# Exercise brief
Among the entries below, retype exactly the lines starting with the one with "2023 Hyundai Sonata" and going on through the one with "Chinatown Dragon T-Shirt product image (6)", but not the pictures.

# Source records
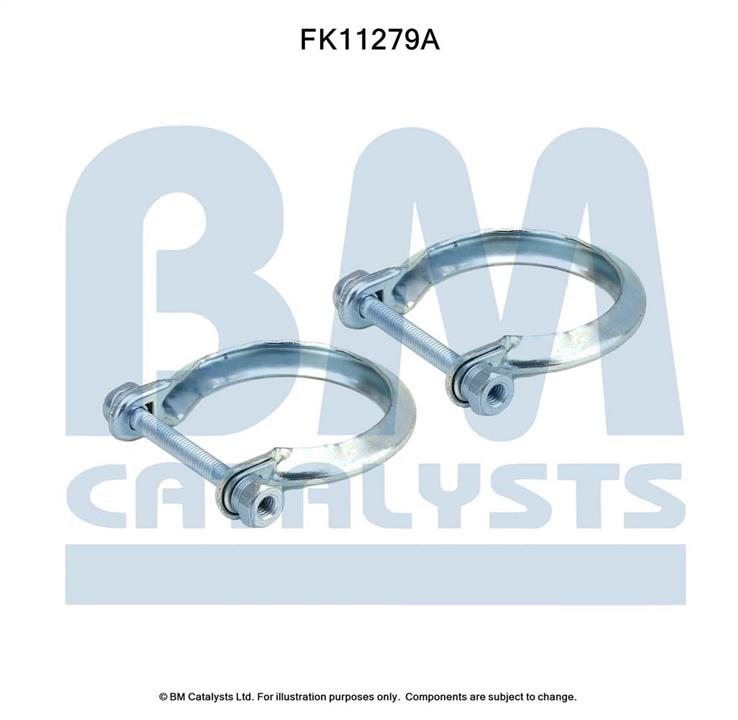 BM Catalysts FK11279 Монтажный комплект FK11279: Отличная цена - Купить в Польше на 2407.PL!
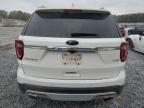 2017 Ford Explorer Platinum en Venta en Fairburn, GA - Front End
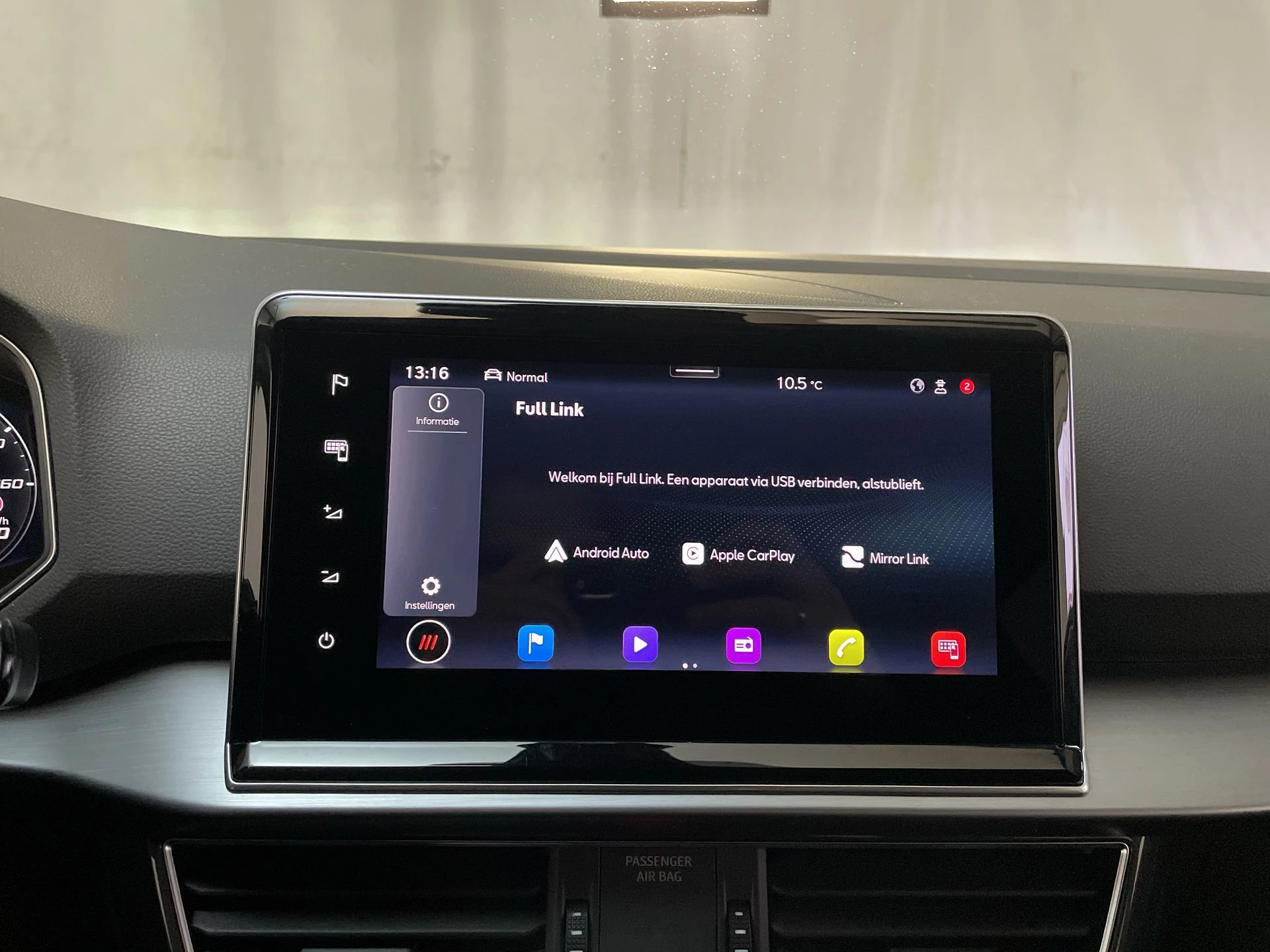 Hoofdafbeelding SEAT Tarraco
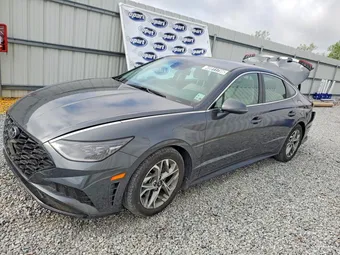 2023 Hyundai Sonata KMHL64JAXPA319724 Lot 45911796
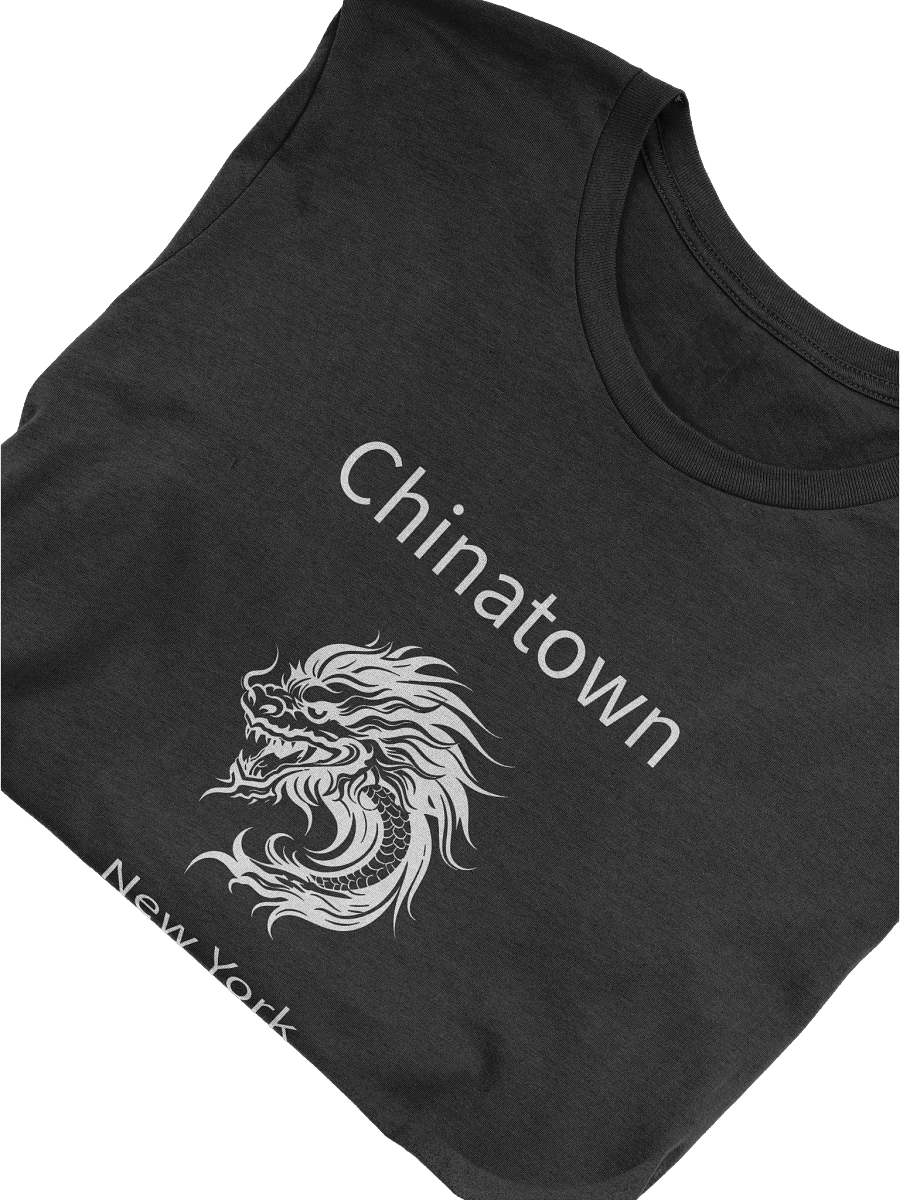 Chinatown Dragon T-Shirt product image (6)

==

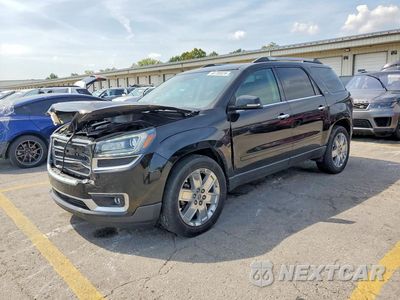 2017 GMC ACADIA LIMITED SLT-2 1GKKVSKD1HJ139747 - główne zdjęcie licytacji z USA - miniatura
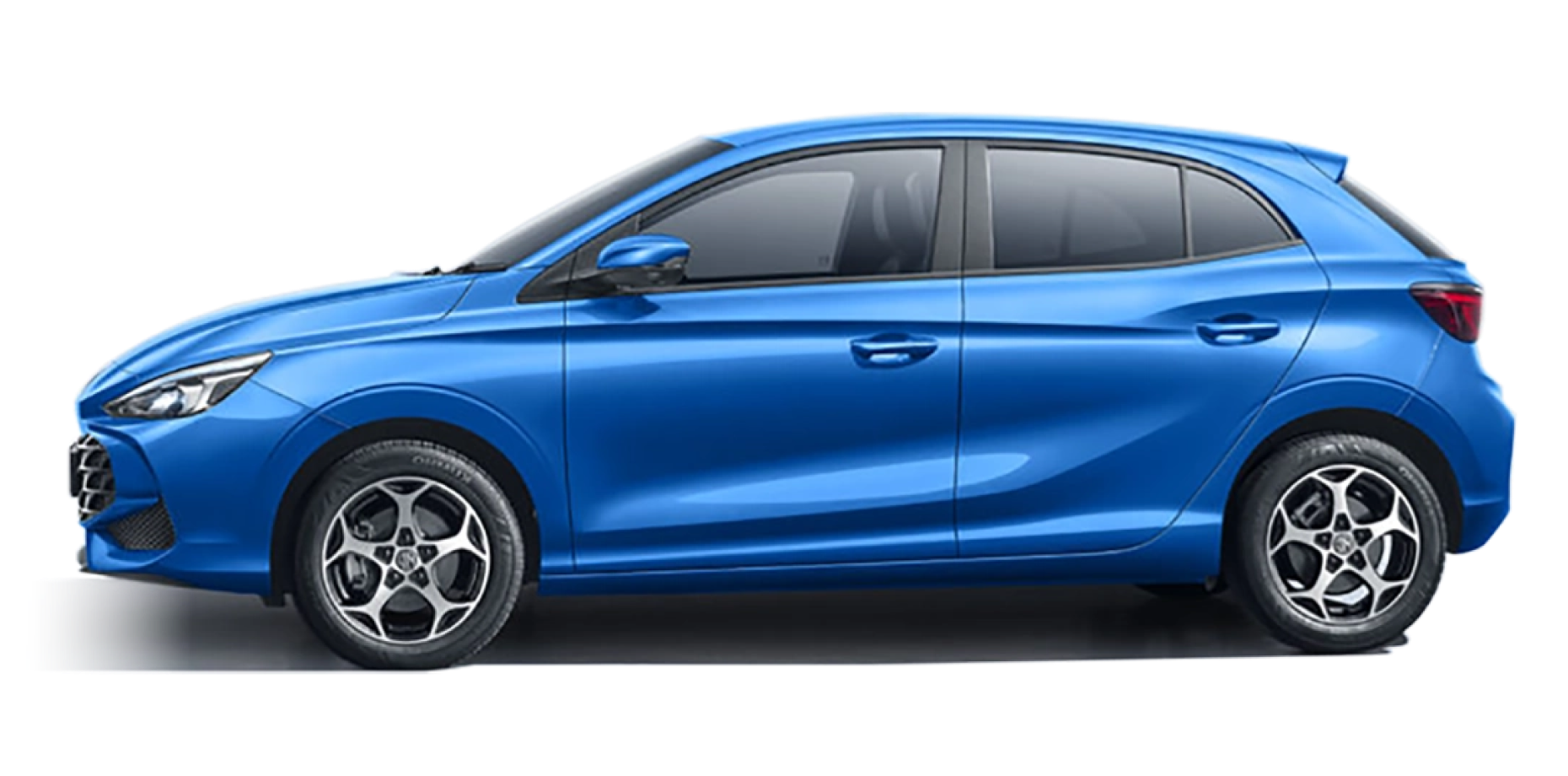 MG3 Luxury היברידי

# Exercise response
 2023 Hyundai Sonata KMHL64JAXPA319724 Lot 45911796
 Chinatown Dragon T-Shirt product image (6)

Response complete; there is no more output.